Persönliche Erinnerungen von Gunhild Münch-Holland an die Frühzeit der Nordwestdeutschen Musikakademie Detmold (heute „Hochschule für Musik“)

Gunhild Münch-Holland, geborene Urhahn, geboren im Mai 1922 studierte Violoncello in Salzburg (Hoelscher) und Weimar, ehe sie von 1946 bis 1952 ihr Studium bei Hans Münch-Holland in Detmold fortsetzte. Anschließend studierte sie Gambe bei Johannes Koch (Hamburg) und konzertierte mit diesem Instrument mehrere Jahrzehnte weltweit.  

 Liebe Frau Münch-Holland! 

Sie haben als Gunhild Urhahn schon Cello-Meisterkurse bei Professor Hans Münch-Holland, Ihrem späteren Ehemann, in Detmold besucht, als es die Musikakademie noch gar nicht gab. Wie wurden Sie auf diese Kurse aufmerksam?

 Mein Elternhaus war in Düsseldorf und nach dem Abitur 1941 begann mein Berufsstudium im Fach Violoncello. Erst in Düsseldorf, Anfang 43-44 am Mozarteum in Salzburg und Herbst 1944 bis Kriegsende in Weimar (die einzige Hochschule, die bis Kriegsende geöffnet war) und endete mit einem Gepäckmarsch, Rucksack, Koffer und Cello von Weimar zurück nach Düsseldorf.

Dort hörte ich durch eine Freundin aus Bielefeld von Cellokursen, die Prof. Münch-Holland in Detmold plante, in Hiddesen „Haus Sauerländer“.

Der erste Kursus begann im Oktober 1945. Anfangs waren es 9 Studierende, die monatlich für eine Woche nach Detmold zum Unterricht reisten. Doch bald kehrten die Soldaten vom Krieg zurück, und so wuchs die Zahl der Studierenden auf 14, die privat bis zur Gründung der „Nordwestdeutschen Musikakademie“ von Münch-Holland unterrichtet wurden.

Aber es ist uns nie geglückt, an einem Tag von Düsseldorf nach Detmold zu kommen: entweder Bielefeld oder Paderborn waren am Abend Endstation, also Wartesaal bis zum Frühzug.

Leider war von der Detmolder Straßenbahn – 5 Kilometer nach Hiddesen – die Brücke zerstört. So wanderten wir morgens nach Hiddesen, kauften bzw. hamsterten einige Lebensmittel auf dem Wege (Milch, Mehl, Haferflocken), aus denen uns im „Haus Sauerländer“ ein Essen bereitet wurde.

   Wo konnten Sie denn üben? 

Die Vorbereitung zu den Kursen fand in der kursfreien Zeit statt.
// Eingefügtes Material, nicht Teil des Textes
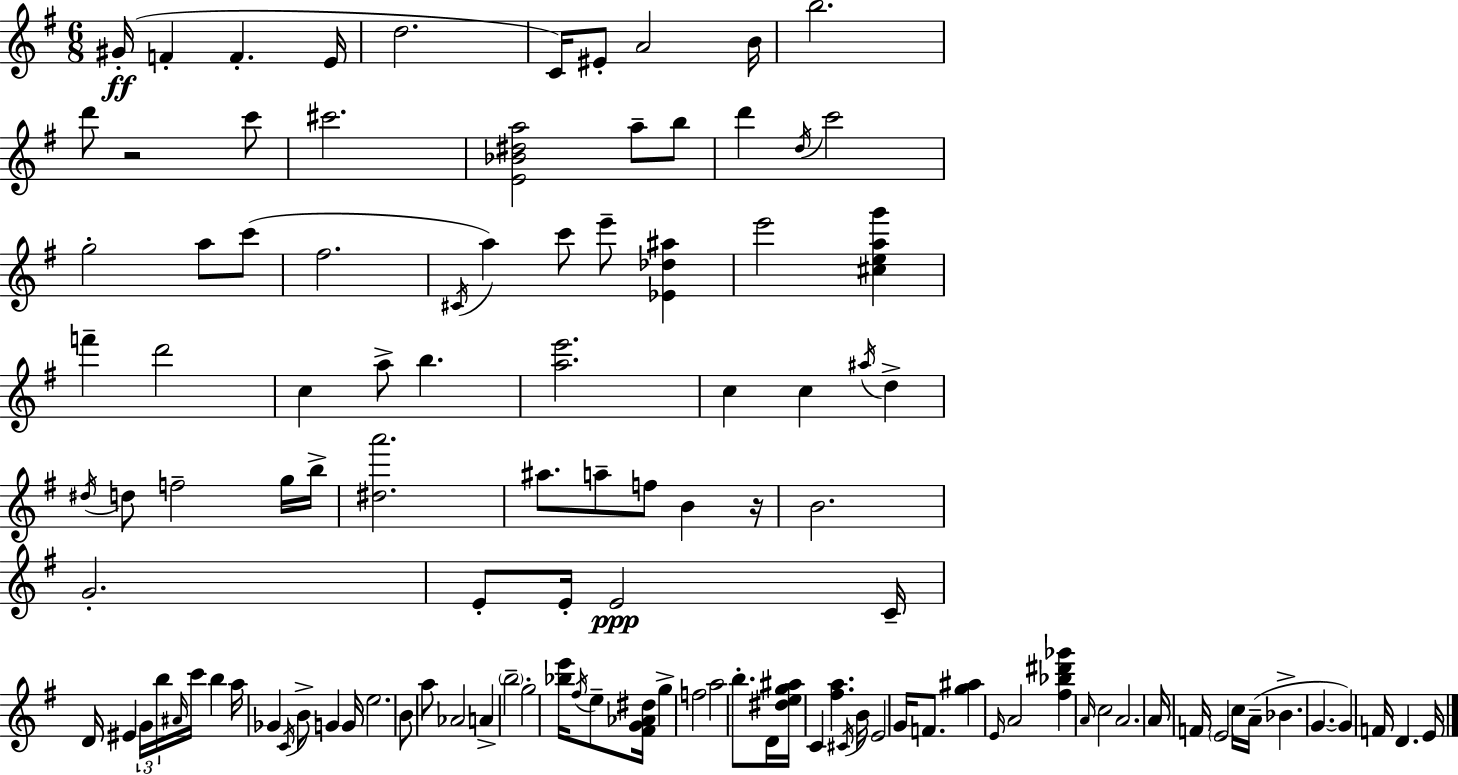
G#4/s F4/q F4/q. E4/s D5/h. C4/s EIS4/e A4/h B4/s B5/h. D6/e R/h C6/e C#6/h. [E4,Bb4,D#5,A5]/h A5/e B5/e D6/q D5/s C6/h G5/h A5/e C6/e F#5/h. C#4/s A5/q C6/e E6/e [Eb4,Db5,A#5]/q E6/h [C#5,E5,A5,G6]/q F6/q D6/h C5/q A5/e B5/q. [A5,E6]/h. C5/q C5/q A#5/s D5/q D#5/s D5/e F5/h G5/s B5/s [D#5,A6]/h. A#5/e. A5/e F5/e B4/q R/s B4/h. G4/h. E4/e E4/s E4/h C4/s D4/s EIS4/q G4/s B5/s A#4/s C6/s B5/q A5/s Gb4/q C4/s B4/e G4/q G4/s E5/h. B4/e A5/e Ab4/h A4/q B5/h G5/h [Bb5,E6]/s F#5/s E5/e [F#4,G4,Ab4,D#5]/s G5/q F5/h A5/h B5/e. D4/s [D#5,E5,G5,A#5]/s C4/q [F#5,A5]/q. C#4/s B4/s E4/h G4/s F4/e. [G5,A#5]/q E4/s A4/h [F#5,Bb5,D#6,Gb6]/q A4/s C5/h A4/h. A4/s F4/s E4/h C5/s A4/s Bb4/q. G4/q. G4/q F4/s D4/q. E4/s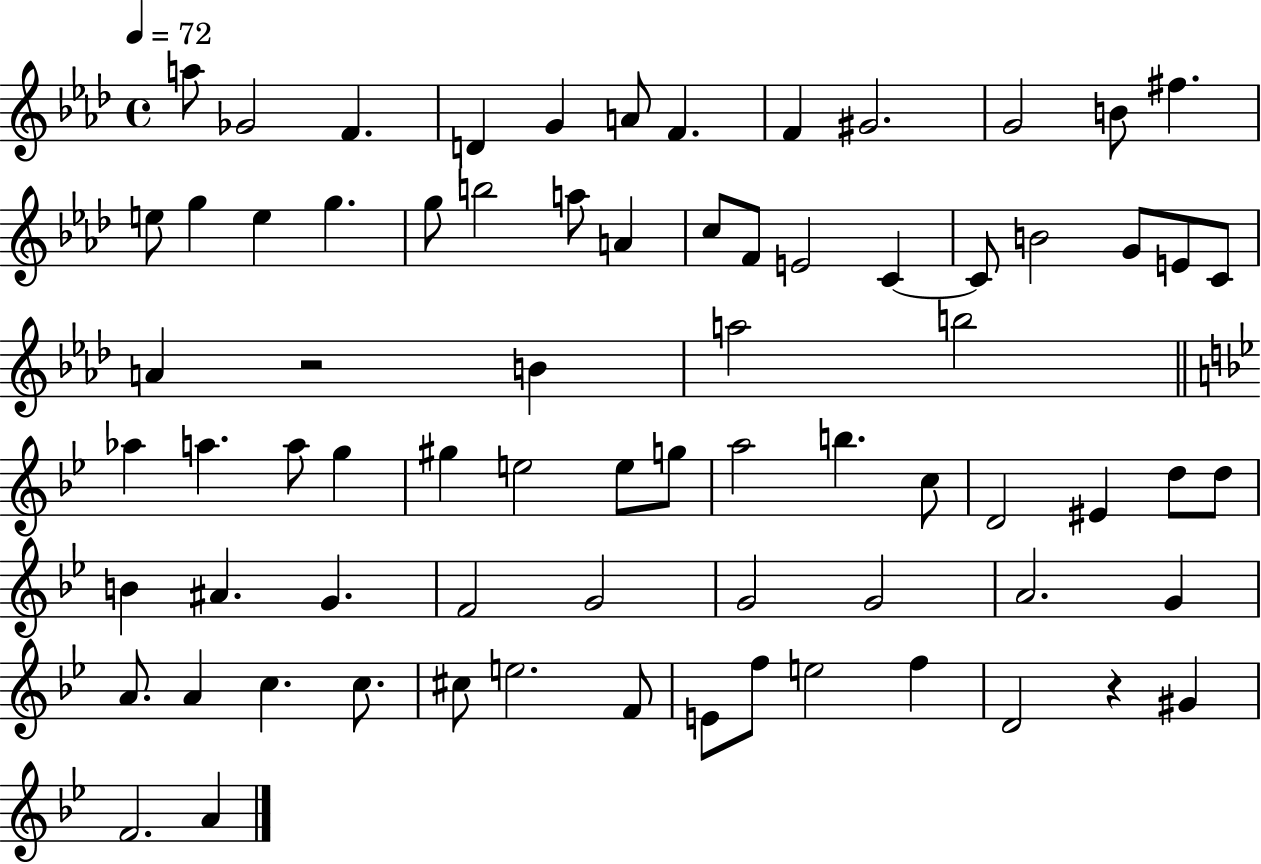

Am Unterricht von Münch-Holland nahmen alle Studierenden teil, spielend oder zuhörend, mit Pausen zum Essen, Wandern und Besichtigen der später in Frage kommenden Akademie-Gebäude. 

Können Sie sich noch an die Situation im Palais erinnern, wo der Elch im Flur stand?

Ja, (lacht) mit dem Schild „Dies Rindvieh gehört nicht zur Akademie“ stand dran.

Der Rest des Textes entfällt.